Als Nächstes trat der Fuchs in den Kreis der Tiere. „Ihr wisst, wie listig ich bin“, sagte er zu den anderen Tieren. „Listiger als ihr alle zusammen. Ich werde den Menschenkindern die Eier so gut verstecken, dass sie lange suchen müssen, um sie zu finden. Das wird sicher ein großer Spaß, nicht wahr?“ Der Fuchs blinzelte verschwörerisch in die Runde.
Da krabbelte die Maus an ihm vorbei und stellte sich in den Kreis der Tiere. „Der Fuchs mag schlau und listig sein, ich aber bin flink und wendig“, sagte sie. „Ich kann die Eier für die Menschenkinder so schnell verstecken, dass niemand etwas davon mitbekommt. Und das ist doch wohl das Wichtigste beim Verstecken.“ Und um den anderen Tieren zu zeigen, wie schnell und flink sie war, sauste die Maus ein paar Runden durch den Kreis.

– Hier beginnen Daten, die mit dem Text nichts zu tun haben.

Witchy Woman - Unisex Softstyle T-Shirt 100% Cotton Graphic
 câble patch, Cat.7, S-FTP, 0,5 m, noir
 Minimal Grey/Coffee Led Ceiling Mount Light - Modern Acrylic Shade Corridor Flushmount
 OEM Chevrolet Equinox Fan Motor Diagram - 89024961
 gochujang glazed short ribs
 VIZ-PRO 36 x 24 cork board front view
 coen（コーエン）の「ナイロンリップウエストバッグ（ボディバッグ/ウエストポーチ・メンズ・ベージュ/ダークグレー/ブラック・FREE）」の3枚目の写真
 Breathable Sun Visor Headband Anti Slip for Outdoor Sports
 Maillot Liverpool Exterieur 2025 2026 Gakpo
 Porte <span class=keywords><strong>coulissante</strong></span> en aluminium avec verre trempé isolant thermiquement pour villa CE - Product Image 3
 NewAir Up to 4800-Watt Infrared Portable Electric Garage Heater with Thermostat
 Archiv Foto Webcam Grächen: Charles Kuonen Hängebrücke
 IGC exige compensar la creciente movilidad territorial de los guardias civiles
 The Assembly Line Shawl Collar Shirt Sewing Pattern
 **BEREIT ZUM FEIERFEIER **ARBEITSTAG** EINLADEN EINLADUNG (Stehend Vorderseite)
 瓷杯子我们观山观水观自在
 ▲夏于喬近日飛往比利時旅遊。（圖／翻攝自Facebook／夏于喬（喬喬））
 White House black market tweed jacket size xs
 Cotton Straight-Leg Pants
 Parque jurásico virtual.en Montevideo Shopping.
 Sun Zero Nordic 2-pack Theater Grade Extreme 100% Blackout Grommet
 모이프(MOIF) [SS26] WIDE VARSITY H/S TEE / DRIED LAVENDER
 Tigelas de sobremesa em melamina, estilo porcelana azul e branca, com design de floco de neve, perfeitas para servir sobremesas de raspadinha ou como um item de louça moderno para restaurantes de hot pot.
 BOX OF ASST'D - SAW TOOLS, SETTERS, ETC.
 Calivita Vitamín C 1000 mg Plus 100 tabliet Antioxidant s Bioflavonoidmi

Auf diese Art und Weise ging der Tag dahin. Jedes der Tiere trat nacheinander in die Mitte und versuchte, die anderen davon zu überzeugen, dass es selbst am allerbesten dazu geeignet wäre, die Eier für die Menschenkinder zu verstecken.
Als es schließlich Abend geworden war und der runde Mond hinter den Wolken hervortrat, hoppelte der Hase in den Kreis der Tiere.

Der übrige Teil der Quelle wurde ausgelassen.